> _PROVIDED RECORDS_
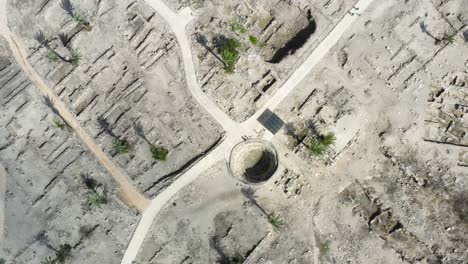 Vista-Aérea-De-Las-Ruinas-De-La-Ciudad-Antigua-En-El-Parque-Nacional-Megiddo,-Israel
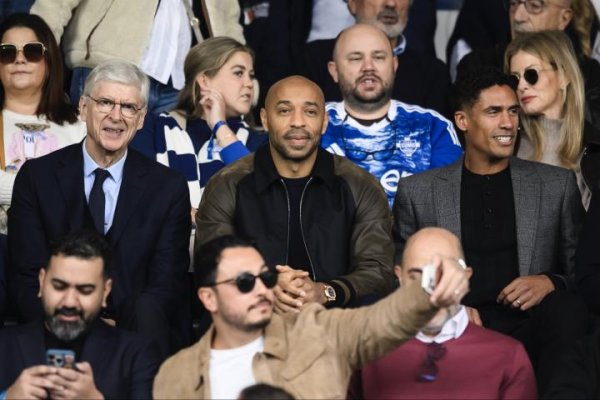 配配查 在无数明星的注视下，他们踢着“意大利最好看的足球”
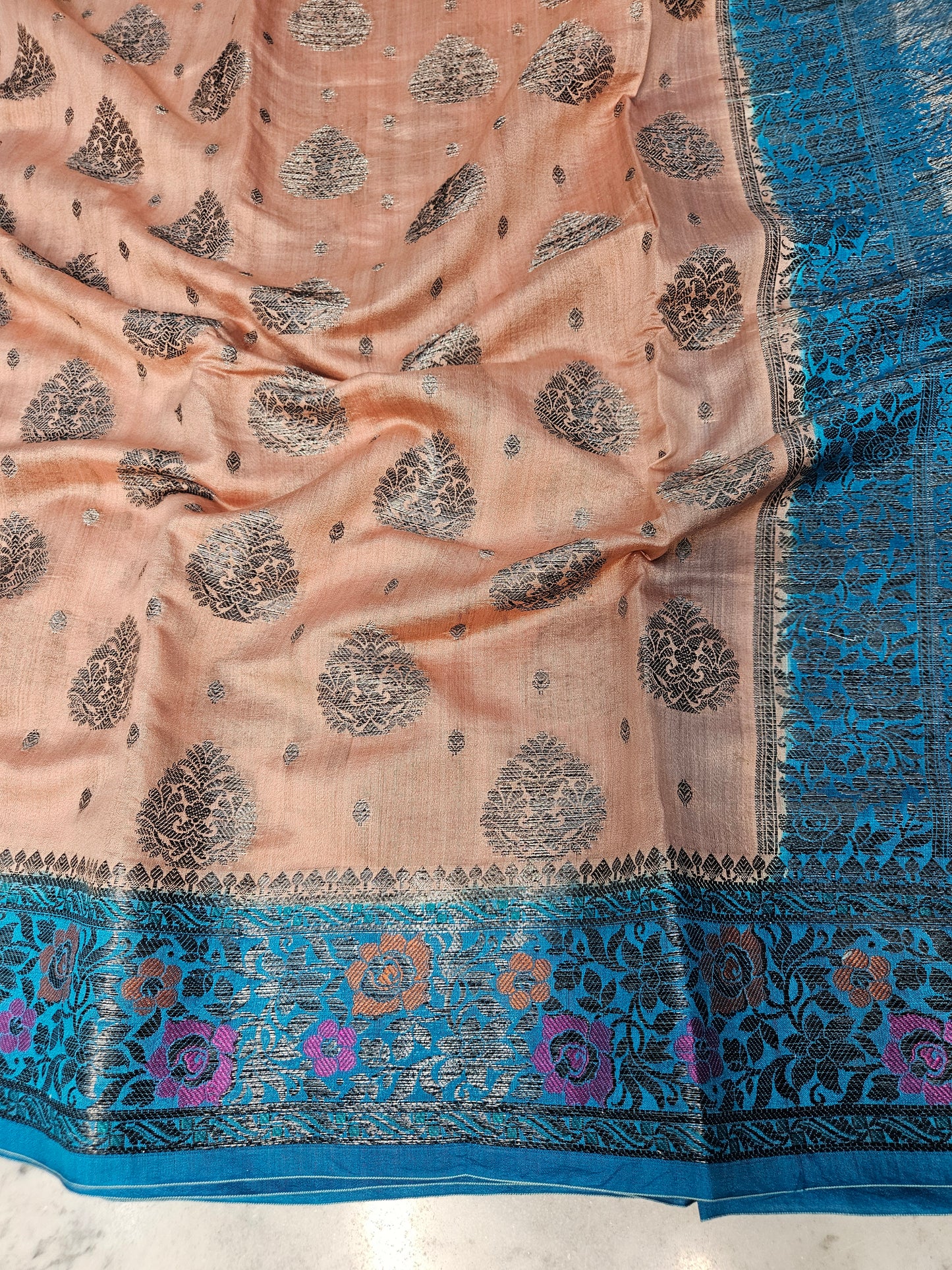 Pure Chiniya Silk Banarasi Contrast Saree in Onion Pink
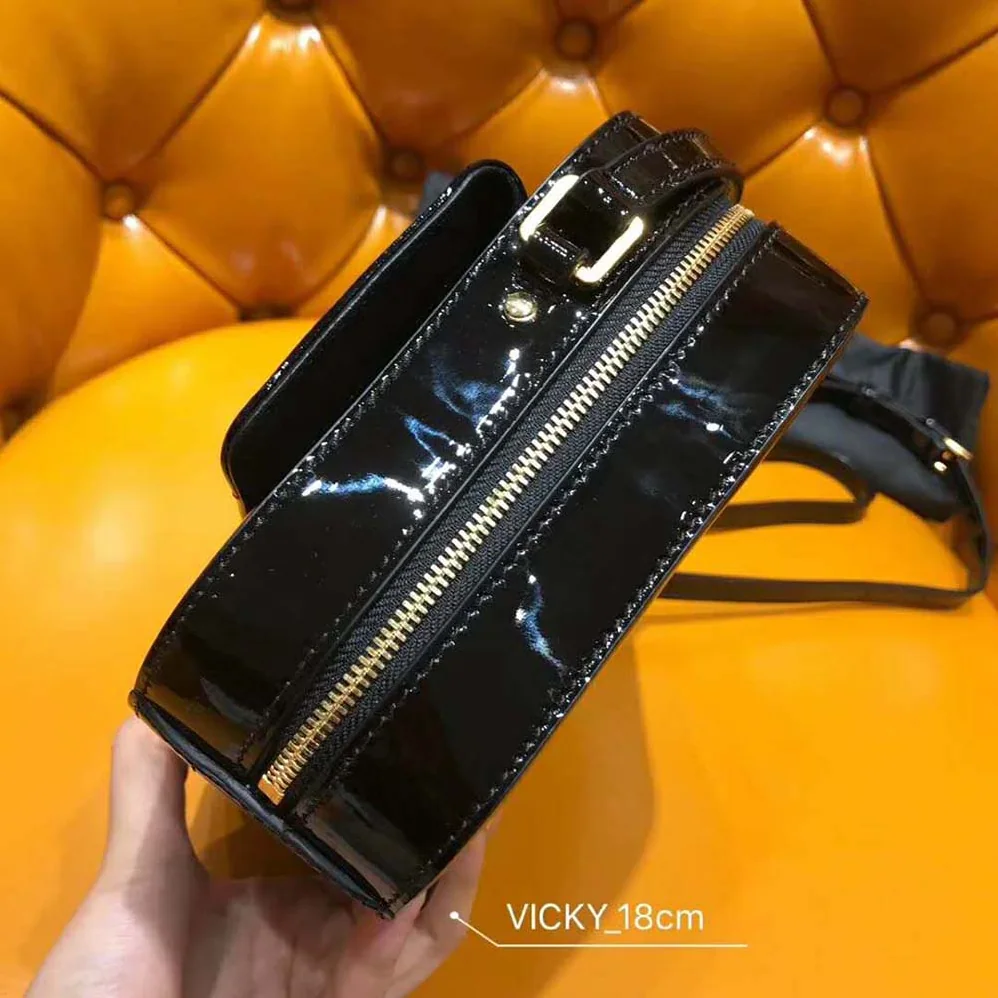 Saint Laurent YSL Vicky Camera Bag Quilted Patent for Women in Black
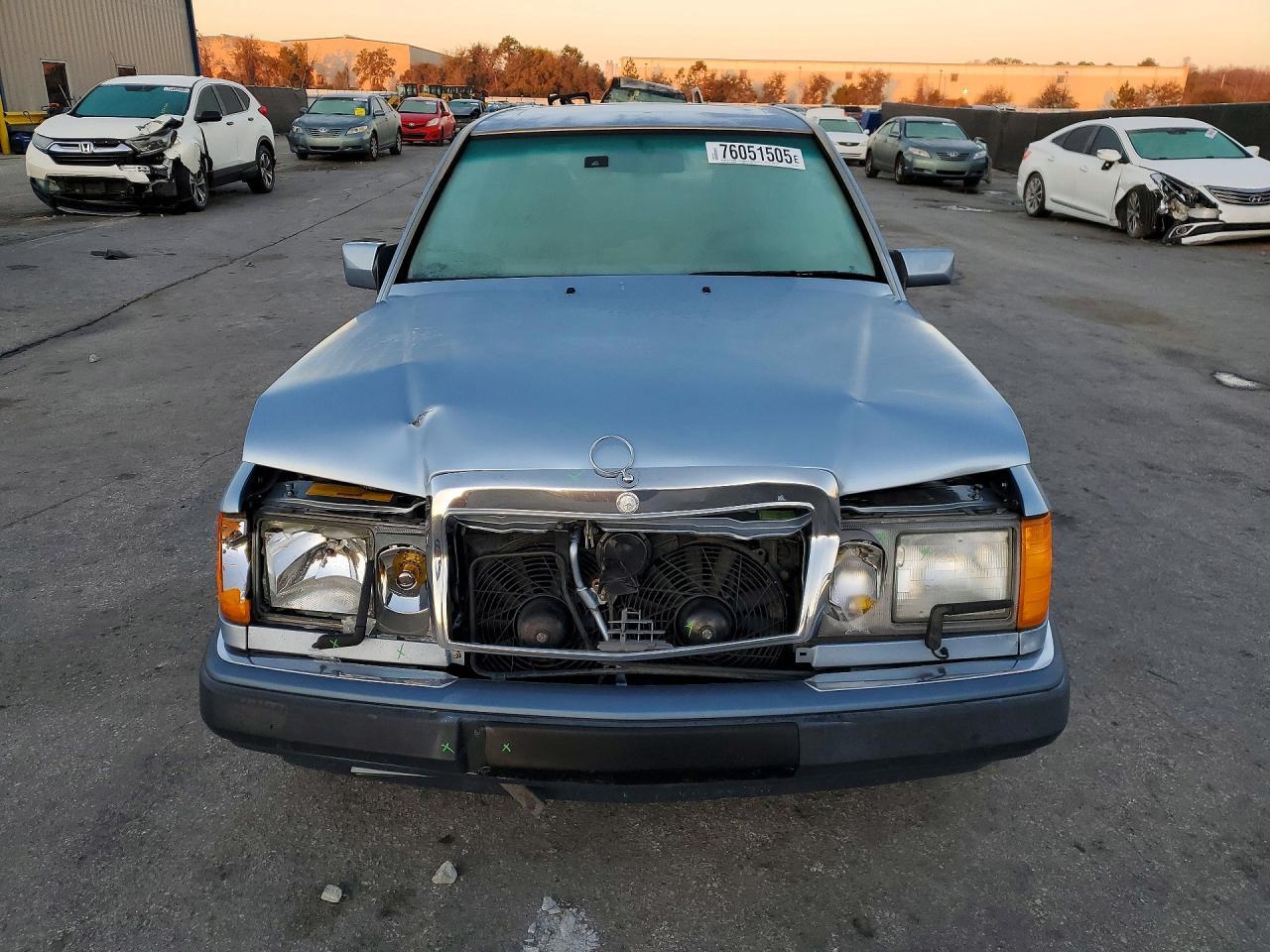 1992 Mercedes-Benz 400 e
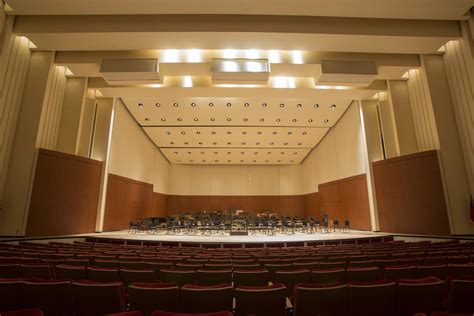 Now hear this! New $500,000 acoustical shell improves long-lamented sound in Symphony Hall ...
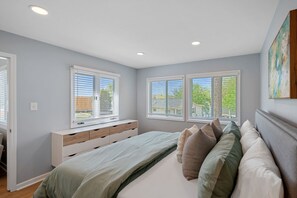 4 bedrooms, iron/ironing board, free WiFi, bed sheets - Sunset Cottages by SoCharm | Intimate Lake Getaway (Sherrills Ford)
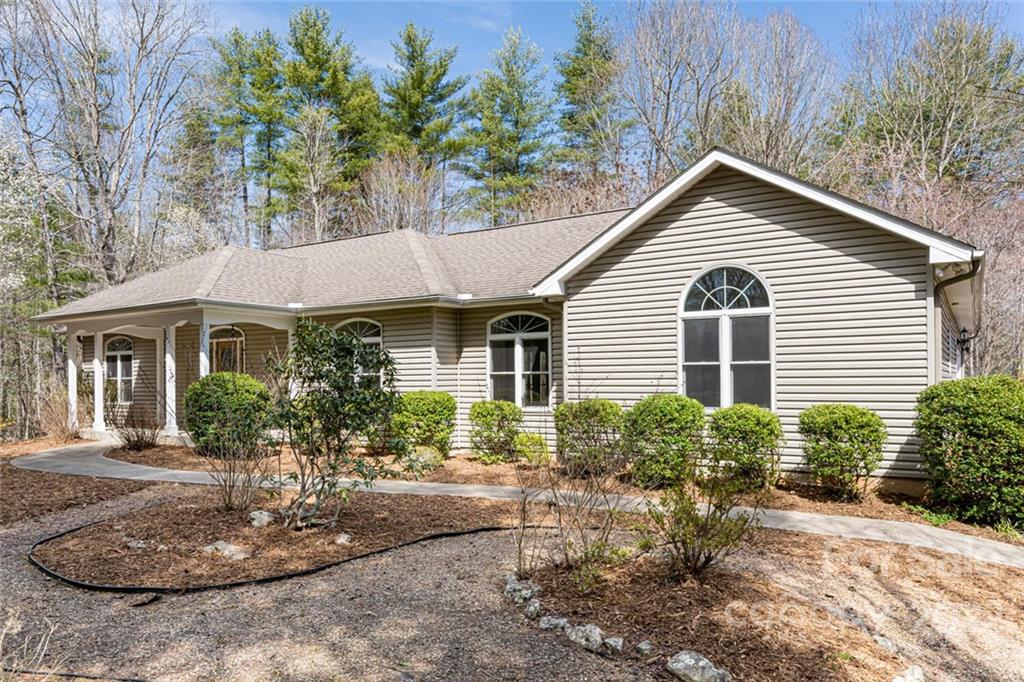 112 Dwelling Place Weaverville NC 28787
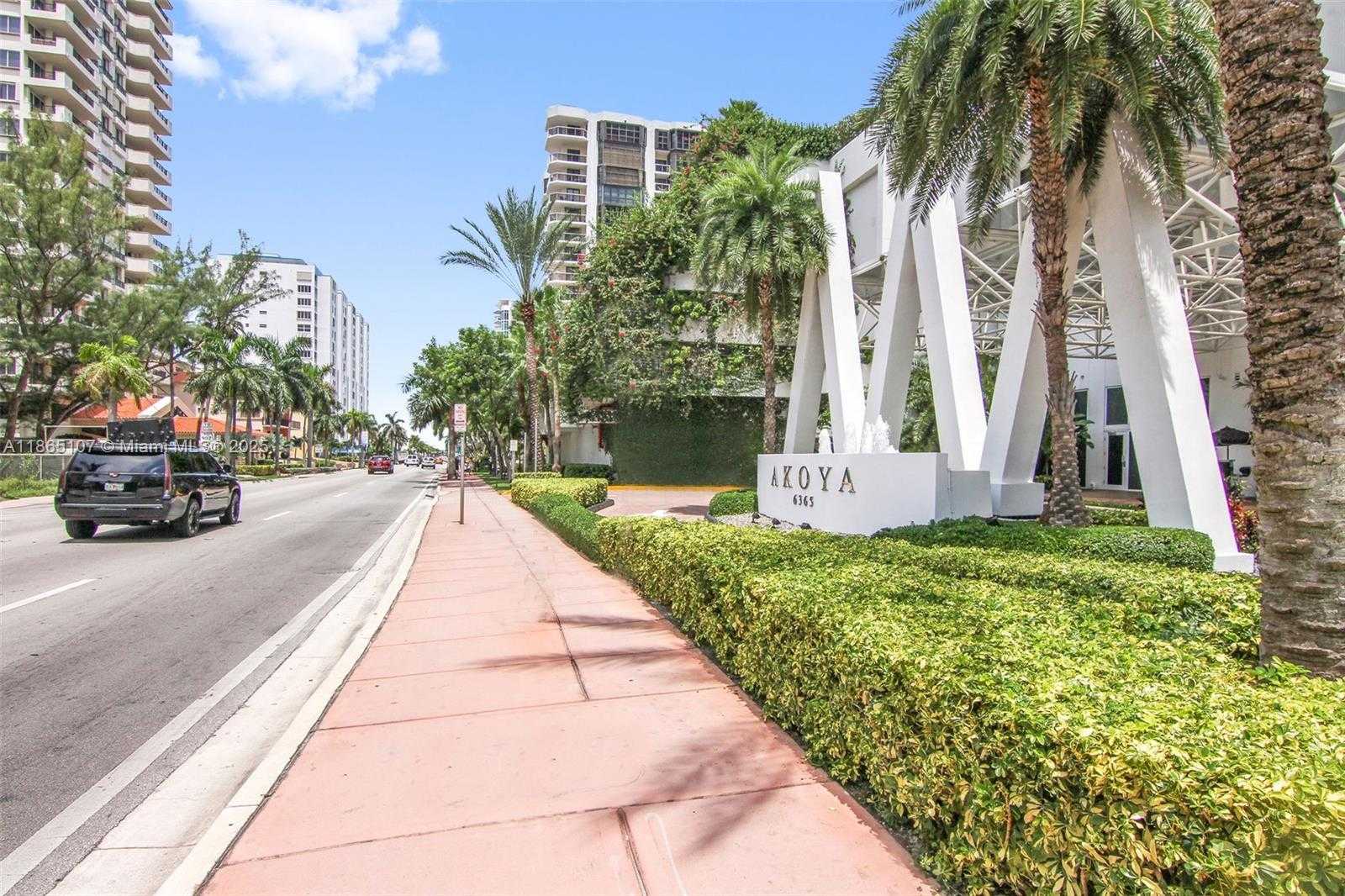 Small Image of 6365 COLLINS AVE #2703, Miami Beach Number 80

> _EXERCISE AIM_
All lines from the one containing "4 bedrooms, iron/ironing" to the last line of the records above, and no others, should be returned unchanged, without pictures.

> _ANSWER BELOW_
 4 bedrooms, iron/ironing board, free WiFi, bed sheets - Sunset Cottages by SoCharm | Intimate Lake Getaway (Sherrills Ford)
 112 Dwelling Place Weaverville NC 28787
 Small Image of 6365 COLLINS AVE #2703, Miami Beach Number 80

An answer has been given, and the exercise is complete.